**WORK INSTRUCTION**
Please give the data again exactly, with no line dropped.

**DATA UNDER STUDY**
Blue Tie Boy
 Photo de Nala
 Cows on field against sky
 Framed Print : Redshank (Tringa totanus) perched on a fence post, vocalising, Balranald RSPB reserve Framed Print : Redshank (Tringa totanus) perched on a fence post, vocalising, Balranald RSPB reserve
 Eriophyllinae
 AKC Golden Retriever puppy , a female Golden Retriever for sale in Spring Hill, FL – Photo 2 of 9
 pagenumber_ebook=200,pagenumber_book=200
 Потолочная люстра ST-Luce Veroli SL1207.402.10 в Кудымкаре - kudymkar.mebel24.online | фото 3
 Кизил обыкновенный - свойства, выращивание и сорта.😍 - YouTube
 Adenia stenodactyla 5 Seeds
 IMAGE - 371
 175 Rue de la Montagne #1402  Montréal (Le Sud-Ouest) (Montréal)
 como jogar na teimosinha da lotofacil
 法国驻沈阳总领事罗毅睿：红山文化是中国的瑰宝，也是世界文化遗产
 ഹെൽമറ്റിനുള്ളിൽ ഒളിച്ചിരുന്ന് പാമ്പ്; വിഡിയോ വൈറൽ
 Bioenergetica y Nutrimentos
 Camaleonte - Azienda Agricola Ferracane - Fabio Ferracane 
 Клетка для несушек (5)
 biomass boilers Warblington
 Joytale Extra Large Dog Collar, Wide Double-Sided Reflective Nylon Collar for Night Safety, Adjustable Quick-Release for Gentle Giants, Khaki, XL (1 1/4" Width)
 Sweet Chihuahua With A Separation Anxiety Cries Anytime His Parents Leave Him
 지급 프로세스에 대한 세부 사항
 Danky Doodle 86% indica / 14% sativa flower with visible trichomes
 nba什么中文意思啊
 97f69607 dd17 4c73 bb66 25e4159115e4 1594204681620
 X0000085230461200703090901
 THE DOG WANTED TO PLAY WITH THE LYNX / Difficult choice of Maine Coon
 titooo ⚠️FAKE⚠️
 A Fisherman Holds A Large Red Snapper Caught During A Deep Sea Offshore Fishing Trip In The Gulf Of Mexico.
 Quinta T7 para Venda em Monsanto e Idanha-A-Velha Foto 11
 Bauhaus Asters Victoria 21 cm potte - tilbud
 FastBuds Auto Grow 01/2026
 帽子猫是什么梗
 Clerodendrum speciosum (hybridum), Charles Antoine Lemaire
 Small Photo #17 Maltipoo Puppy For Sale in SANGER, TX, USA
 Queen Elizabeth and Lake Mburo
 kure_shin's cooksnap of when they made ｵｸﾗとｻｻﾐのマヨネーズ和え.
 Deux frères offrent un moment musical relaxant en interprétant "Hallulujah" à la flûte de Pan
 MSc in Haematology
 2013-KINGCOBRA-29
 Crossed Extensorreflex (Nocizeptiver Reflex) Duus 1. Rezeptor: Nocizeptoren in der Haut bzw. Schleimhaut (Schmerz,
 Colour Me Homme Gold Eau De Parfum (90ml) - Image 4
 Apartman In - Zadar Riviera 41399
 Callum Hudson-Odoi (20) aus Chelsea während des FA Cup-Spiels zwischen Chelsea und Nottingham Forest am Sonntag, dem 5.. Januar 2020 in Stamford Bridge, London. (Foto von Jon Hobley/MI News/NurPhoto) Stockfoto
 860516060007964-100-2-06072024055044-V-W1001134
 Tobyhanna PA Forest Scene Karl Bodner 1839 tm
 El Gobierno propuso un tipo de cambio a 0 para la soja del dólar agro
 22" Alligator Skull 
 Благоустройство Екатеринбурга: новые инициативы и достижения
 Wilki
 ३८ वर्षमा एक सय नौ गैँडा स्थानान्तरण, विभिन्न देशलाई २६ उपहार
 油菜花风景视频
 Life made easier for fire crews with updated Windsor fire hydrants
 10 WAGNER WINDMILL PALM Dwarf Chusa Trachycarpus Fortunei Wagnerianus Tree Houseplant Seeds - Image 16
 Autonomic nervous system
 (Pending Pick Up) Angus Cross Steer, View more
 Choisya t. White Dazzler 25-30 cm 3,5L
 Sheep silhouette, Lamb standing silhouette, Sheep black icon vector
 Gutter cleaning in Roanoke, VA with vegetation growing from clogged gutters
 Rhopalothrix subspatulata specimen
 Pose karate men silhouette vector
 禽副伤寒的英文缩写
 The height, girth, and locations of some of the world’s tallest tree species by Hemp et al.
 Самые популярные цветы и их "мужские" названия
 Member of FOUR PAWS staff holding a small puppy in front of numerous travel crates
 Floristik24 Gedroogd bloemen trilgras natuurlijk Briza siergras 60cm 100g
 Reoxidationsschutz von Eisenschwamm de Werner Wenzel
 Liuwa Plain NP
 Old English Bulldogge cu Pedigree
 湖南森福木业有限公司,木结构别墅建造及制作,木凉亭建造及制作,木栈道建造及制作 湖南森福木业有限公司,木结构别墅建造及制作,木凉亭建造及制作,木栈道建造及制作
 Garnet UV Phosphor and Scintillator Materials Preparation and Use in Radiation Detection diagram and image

**PROBLEM SOLUTION**
Blue Tie Boy
 Photo de Nala
 Cows on field against sky
 Framed Print : Redshank (Tringa totanus) perched on a fence post, vocalising, Balranald RSPB reserve Framed Print : Redshank (Tringa totanus) perched on a fence post, vocalising, Balranald RSPB reserve
 Eriophyllinae
 AKC Golden Retriever puppy , a female Golden Retriever for sale in Spring Hill, FL – Photo 2 of 9
 pagenumber_ebook=200,pagenumber_book=200
 Потолочная люстра ST-Luce Veroli SL1207.402.10 в Кудымкаре - kudymkar.mebel24.online | фото 3
 Кизил обыкновенный - свойства, выращивание и сорта.😍 - YouTube
 Adenia stenodactyla 5 Seeds
 IMAGE - 371
 175 Rue de la Montagne #1402  Montréal (Le Sud-Ouest) (Montréal)
 como jogar na teimosinha da lotofacil
 法国驻沈阳总领事罗毅睿：红山文化是中国的瑰宝，也是世界文化遗产
 ഹെൽമറ്റിനുള്ളിൽ ഒളിച്ചിരുന്ന് പാമ്പ്; വിഡിയോ വൈറൽ
 Bioenergetica y Nutrimentos
 Camaleonte - Azienda Agricola Ferracane - Fabio Ferracane 
 Клетка для несушек (5)
 biomass boilers Warblington
 Joytale Extra Large Dog Collar, Wide Double-Sided Reflective Nylon Collar for Night Safety, Adjustable Quick-Release for Gentle Giants, Khaki, XL (1 1/4" Width)
 Sweet Chihuahua With A Separation Anxiety Cries Anytime His Parents Leave Him
 지급 프로세스에 대한 세부 사항
 Danky Doodle 86% indica / 14% sativa flower with visible trichomes
 nba什么中文意思啊
 97f69607 dd17 4c73 bb66 25e4159115e4 1594204681620
 X0000085230461200703090901
 THE DOG WANTED TO PLAY WITH THE LYNX / Difficult choice of Maine Coon
 titooo ⚠️FAKE⚠️
 A Fisherman Holds A Large Red Snapper Caught During A Deep Sea Offshore Fishing Trip In The Gulf Of Mexico.
 Quinta T7 para Venda em Monsanto e Idanha-A-Velha Foto 11
 Bauhaus Asters Victoria 21 cm potte - tilbud
 FastBuds Auto Grow 01/2026
 帽子猫是什么梗
 Clerodendrum speciosum (hybridum), Charles Antoine Lemaire
 Small Photo #17 Maltipoo Puppy For Sale in SANGER, TX, USA
 Queen Elizabeth and Lake Mburo
 kure_shin's cooksnap of when they made ｵｸﾗとｻｻﾐのマヨネーズ和え.
 Deux frères offrent un moment musical relaxant en interprétant "Hallulujah" à la flûte de Pan
 MSc in Haematology
 2013-KINGCOBRA-29
 Crossed Extensorreflex (Nocizeptiver Reflex) Duus 1. Rezeptor: Nocizeptoren in der Haut bzw. Schleimhaut (Schmerz,
 Colour Me Homme Gold Eau De Parfum (90ml) - Image 4
 Apartman In - Zadar Riviera 41399
 Callum Hudson-Odoi (20) aus Chelsea während des FA Cup-Spiels zwischen Chelsea und Nottingham Forest am Sonntag, dem 5.. Januar 2020 in Stamford Bridge, London. (Foto von Jon Hobley/MI News/NurPhoto) Stockfoto
 860516060007964-100-2-06072024055044-V-W1001134
 Tobyhanna PA Forest Scene Karl Bodner 1839 tm
 El Gobierno propuso un tipo de cambio a 0 para la soja del dólar agro
 22" Alligator Skull 
 Благоустройство Екатеринбурга: новые инициативы и достижения
 Wilki
 ३८ वर्षमा एक सय नौ गैँडा स्थानान्तरण, विभिन्न देशलाई २६ उपहार
 油菜花风景视频
 Life made easier for fire crews with updated Windsor fire hydrants
 10 WAGNER WINDMILL PALM Dwarf Chusa Trachycarpus Fortunei Wagnerianus Tree Houseplant Seeds - Image 16
 Autonomic nervous system
 (Pending Pick Up) Angus Cross Steer, View more
 Choisya t. White Dazzler 25-30 cm 3,5L
 Sheep silhouette, Lamb standing silhouette, Sheep black icon vector
 Gutter cleaning in Roanoke, VA with vegetation growing from clogged gutters
 Rhopalothrix subspatulata specimen
 Pose karate men silhouette vector
 禽副伤寒的英文缩写
 The height, girth, and locations of some of the world’s tallest tree species by Hemp et al.
 Самые популярные цветы и их "мужские" названия
 Member of FOUR PAWS staff holding a small puppy in front of numerous travel crates
 Floristik24 Gedroogd bloemen trilgras natuurlijk Briza siergras 60cm 100g
 Reoxidationsschutz von Eisenschwamm de Werner Wenzel
 Liuwa Plain NP
 Old English Bulldogge cu Pedigree
 湖南森福木业有限公司,木结构别墅建造及制作,木凉亭建造及制作,木栈道建造及制作 湖南森福木业有限公司,木结构别墅建造及制作,木凉亭建造及制作,木栈道建造及制作
 Garnet UV Phosphor and Scintillator Materials Preparation and Use in Radiation Detection diagram and image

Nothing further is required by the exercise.